I should note that the delicata is the smallest of the squash that I purchased. It reminded me of a loofah gourd so I truly hope that this would be full of weird holes like a loofah. Side note, I want to see if I can grow a loofah gourd so I can have a loofah next spring. Just say it to yourself, loofah.
As soon as I sliced it in half I wondered if this one would really yield much food. You scrape the seeds out, which is easy, much like when you carve a jack-o-lantern. There’s so little flesh all around it though it didn’t seem like there would be much to actually eat.
I plodded on though and felt better knowing I don’t have to peel it as well.

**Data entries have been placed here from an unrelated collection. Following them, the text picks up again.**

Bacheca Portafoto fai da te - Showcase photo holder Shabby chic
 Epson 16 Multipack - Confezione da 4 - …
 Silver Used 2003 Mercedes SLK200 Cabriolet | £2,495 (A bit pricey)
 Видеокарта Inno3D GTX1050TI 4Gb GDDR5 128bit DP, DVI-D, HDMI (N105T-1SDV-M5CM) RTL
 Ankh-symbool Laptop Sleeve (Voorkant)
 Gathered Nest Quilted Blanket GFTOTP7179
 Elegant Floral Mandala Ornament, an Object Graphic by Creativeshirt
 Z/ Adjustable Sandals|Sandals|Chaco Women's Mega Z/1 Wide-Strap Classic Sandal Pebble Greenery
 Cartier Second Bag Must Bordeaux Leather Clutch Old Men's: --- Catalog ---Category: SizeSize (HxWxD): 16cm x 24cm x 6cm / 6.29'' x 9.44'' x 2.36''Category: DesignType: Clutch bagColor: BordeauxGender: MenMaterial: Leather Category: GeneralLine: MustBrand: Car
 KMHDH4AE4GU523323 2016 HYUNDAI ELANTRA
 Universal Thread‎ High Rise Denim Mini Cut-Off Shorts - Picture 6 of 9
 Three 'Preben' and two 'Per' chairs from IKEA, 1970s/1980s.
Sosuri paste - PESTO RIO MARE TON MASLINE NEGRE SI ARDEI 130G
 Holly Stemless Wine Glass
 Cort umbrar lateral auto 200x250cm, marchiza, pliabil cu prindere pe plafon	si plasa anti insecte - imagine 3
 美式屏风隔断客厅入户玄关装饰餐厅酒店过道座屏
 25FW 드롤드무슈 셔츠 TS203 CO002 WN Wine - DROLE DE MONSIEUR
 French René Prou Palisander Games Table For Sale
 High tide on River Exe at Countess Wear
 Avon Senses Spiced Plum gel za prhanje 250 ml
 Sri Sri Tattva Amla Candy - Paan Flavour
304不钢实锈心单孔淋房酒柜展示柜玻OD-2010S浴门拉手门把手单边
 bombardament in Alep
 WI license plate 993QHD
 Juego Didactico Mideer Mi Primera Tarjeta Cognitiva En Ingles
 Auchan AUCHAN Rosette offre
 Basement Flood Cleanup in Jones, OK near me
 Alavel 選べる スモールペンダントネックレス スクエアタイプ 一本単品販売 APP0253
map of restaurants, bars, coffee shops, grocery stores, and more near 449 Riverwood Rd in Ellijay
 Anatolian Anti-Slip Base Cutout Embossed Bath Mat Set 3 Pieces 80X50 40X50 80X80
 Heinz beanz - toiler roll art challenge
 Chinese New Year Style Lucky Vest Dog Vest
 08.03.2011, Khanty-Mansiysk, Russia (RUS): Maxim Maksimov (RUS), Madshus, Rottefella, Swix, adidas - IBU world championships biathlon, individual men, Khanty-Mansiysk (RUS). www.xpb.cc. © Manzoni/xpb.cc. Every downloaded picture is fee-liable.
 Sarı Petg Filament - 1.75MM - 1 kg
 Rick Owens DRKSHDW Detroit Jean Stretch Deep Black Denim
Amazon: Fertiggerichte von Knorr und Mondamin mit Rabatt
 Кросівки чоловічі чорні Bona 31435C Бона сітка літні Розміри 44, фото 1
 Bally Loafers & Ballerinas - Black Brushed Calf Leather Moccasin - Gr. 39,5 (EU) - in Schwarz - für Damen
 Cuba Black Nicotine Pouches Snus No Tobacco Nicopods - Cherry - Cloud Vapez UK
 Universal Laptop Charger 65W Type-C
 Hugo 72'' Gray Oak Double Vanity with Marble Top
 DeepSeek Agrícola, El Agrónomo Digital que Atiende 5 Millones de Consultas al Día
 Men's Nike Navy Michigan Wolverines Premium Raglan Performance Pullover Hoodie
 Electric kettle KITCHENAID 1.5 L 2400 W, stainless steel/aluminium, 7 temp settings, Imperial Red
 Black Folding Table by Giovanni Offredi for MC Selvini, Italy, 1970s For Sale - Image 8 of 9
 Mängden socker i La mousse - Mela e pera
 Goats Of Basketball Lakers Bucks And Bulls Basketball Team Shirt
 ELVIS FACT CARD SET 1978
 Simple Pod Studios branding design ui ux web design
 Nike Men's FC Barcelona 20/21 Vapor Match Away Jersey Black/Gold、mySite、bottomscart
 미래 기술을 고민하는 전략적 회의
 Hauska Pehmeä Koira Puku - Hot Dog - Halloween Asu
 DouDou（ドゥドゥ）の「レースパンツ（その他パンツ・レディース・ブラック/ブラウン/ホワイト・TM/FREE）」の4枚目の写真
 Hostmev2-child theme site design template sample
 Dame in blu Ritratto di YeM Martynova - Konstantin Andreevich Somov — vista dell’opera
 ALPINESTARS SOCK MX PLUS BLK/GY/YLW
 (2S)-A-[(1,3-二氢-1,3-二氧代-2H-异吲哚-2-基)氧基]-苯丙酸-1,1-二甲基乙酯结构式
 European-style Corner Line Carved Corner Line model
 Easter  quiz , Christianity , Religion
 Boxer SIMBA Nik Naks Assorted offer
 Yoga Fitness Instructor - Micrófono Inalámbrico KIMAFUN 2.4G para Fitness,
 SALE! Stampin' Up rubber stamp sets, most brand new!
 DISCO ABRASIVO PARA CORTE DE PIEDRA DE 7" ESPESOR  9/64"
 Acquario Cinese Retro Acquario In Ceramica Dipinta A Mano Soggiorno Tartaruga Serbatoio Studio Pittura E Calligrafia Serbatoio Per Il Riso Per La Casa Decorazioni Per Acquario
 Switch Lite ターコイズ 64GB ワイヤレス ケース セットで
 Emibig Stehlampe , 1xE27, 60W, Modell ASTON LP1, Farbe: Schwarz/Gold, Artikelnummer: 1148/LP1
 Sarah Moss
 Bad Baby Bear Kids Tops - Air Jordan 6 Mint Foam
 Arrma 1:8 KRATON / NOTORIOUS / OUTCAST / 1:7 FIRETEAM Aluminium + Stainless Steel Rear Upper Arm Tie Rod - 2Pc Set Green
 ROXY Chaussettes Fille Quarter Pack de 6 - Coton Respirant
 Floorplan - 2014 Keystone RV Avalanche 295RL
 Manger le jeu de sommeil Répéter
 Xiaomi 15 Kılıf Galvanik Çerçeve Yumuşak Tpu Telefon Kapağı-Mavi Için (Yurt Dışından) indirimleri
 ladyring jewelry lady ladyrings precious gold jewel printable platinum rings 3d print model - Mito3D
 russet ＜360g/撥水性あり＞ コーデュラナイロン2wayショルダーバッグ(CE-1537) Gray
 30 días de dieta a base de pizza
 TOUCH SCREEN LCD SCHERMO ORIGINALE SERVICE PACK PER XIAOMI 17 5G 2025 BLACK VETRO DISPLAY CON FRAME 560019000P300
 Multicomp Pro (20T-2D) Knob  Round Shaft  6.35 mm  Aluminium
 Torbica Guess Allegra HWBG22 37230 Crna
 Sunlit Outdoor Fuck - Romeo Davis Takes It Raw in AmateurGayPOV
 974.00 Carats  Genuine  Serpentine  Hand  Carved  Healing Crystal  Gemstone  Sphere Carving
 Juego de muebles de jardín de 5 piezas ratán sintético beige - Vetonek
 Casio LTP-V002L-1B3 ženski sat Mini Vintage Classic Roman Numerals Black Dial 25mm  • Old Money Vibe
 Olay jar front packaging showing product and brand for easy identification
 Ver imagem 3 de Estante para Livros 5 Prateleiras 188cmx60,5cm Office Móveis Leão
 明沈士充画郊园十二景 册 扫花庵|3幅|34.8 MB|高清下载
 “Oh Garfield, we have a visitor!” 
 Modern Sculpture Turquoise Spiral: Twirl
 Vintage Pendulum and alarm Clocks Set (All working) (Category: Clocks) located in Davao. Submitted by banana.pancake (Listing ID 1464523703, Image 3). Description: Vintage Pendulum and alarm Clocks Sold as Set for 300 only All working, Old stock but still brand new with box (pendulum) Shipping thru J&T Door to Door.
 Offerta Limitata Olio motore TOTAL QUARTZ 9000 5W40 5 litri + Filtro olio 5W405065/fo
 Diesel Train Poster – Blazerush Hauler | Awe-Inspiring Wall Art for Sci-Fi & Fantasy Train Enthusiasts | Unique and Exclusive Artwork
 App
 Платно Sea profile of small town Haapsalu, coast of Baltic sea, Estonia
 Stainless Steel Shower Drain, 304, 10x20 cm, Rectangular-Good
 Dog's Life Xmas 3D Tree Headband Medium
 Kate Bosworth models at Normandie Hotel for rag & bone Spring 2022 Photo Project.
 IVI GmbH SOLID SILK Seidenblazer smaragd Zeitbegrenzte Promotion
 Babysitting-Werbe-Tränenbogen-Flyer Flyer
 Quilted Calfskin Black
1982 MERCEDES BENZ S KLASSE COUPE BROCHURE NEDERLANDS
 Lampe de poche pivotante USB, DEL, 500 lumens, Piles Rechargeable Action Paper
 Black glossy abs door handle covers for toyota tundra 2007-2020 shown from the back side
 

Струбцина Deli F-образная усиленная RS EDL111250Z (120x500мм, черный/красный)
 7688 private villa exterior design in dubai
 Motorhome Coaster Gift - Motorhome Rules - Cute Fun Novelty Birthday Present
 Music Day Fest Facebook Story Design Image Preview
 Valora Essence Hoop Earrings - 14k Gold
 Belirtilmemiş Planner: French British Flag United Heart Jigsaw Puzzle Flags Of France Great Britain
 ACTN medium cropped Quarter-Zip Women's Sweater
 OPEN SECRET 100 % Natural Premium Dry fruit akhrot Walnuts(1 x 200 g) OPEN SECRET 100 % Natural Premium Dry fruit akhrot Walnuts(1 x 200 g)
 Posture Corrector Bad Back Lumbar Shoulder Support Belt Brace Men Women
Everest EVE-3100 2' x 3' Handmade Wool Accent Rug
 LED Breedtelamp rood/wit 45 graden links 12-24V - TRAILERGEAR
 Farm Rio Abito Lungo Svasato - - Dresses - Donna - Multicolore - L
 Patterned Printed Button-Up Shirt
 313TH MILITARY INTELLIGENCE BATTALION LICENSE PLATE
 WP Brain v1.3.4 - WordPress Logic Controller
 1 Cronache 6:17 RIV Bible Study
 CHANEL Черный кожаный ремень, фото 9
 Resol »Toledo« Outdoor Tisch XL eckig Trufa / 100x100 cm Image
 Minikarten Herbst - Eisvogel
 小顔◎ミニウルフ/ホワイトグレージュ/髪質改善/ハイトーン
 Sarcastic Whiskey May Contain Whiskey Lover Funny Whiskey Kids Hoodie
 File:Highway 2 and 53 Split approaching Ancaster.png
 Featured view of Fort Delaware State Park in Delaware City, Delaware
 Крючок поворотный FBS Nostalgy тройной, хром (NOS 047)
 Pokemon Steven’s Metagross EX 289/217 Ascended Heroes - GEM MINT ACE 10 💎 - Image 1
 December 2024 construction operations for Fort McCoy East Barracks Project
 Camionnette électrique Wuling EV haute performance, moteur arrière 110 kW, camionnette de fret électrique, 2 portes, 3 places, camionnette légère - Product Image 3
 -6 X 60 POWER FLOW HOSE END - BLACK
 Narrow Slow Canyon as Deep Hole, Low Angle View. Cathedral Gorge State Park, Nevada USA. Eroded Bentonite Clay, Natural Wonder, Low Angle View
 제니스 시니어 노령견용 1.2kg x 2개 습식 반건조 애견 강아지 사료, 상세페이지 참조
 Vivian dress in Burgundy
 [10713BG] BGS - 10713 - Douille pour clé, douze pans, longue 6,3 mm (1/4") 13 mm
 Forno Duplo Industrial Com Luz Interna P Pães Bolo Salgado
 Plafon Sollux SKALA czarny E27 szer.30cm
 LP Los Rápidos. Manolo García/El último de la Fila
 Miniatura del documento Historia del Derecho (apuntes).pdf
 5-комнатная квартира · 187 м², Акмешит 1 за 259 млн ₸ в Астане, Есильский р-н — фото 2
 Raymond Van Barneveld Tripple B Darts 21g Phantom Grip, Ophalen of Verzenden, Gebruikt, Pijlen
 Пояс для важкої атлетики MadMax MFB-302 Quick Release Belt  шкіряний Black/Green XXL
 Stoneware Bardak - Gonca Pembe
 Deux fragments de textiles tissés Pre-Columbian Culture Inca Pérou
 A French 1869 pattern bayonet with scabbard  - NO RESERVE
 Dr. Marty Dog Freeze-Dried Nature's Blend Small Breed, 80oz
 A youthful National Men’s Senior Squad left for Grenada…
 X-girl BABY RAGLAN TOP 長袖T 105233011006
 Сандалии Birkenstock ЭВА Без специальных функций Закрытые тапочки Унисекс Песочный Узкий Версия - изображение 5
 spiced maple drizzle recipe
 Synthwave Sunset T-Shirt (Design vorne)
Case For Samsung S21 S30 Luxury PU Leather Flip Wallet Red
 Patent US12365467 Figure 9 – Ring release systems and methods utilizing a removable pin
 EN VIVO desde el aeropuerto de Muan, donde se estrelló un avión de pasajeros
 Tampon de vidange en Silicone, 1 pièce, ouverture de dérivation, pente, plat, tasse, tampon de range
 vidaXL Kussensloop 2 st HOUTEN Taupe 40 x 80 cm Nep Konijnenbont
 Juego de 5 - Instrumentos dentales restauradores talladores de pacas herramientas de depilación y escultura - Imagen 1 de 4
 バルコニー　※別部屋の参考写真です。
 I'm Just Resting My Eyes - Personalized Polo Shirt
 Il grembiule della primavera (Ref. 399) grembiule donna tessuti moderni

I’m not sure if anyone saves the seeds from these assorted gourds and roasts them like they would do pumpkin seeds. There is probably some website somewhere that says you can roast any seeds or you have to soak them in some kind of saltwater solution, dry them, then roast in the oven and grind them into a powder just so you can get like five extra grams of some random vitamin a day. I just didn’t feel like looking it up and didn’t really care to put in the effort of sorting through these itty bitty seeds.
Hollowing it out was a breeze and it wound up looking gorgeous at the end. I bet these would be awesome vessels to stuff with things like rice or some other mixtures. It looks so fresh it reminds me of papaya and makes me want to take a big bite and expect some tropical flavors, but I resisted, much like I resist around foam apples.
The slices turned out gorgeous as well, I love how the skin contrasts to the inner flesh of the delicata.
I went a pretty simple route and just roasted them in some salt, pepper and olive oil. I just wanted a nice little basic squash to munch on, especially since the squash itself was fairly small, the size of a big banana or small plantain.
I struggled with finding photos of these because I actually kept eating them when I was cooking. I don’t think I mentioned it, but I cooked all five of the squash in one day. The kitchen was my home base from 11 A.M. to 6 P.M. that night and I felt so productive it was crazy.
I got these crispy to really crisp up the skin and the inside had to be the sweetest squash of the ones I’ve tried so far. This is overtaking butternut squash’s spot as the sweetest (I would describe it as more of a creamy taste and texture combo). The outside crispiness on the outside coupled with the salt and pepper went fantastic with the sweetness on the inside. I was so surprised by how sweet it was that I kept eating on them like they were handfuls of popcorn.
With these delicate little morsels of delicata squash, they represent week 40 and the actual current week we are in. At the end of this post I will be caught up in this 52 week adventure.
I’m hoping you all are enjoying this squash-travaganza and can appreciate the differences in these gourds. I would have just spaced them out throughout the year, but it would only result in way more squash posts than you would enjoy, trust me. Also, now is the time to hop on the enjoying fall bandwagon and go buy some of these weird squash varieties.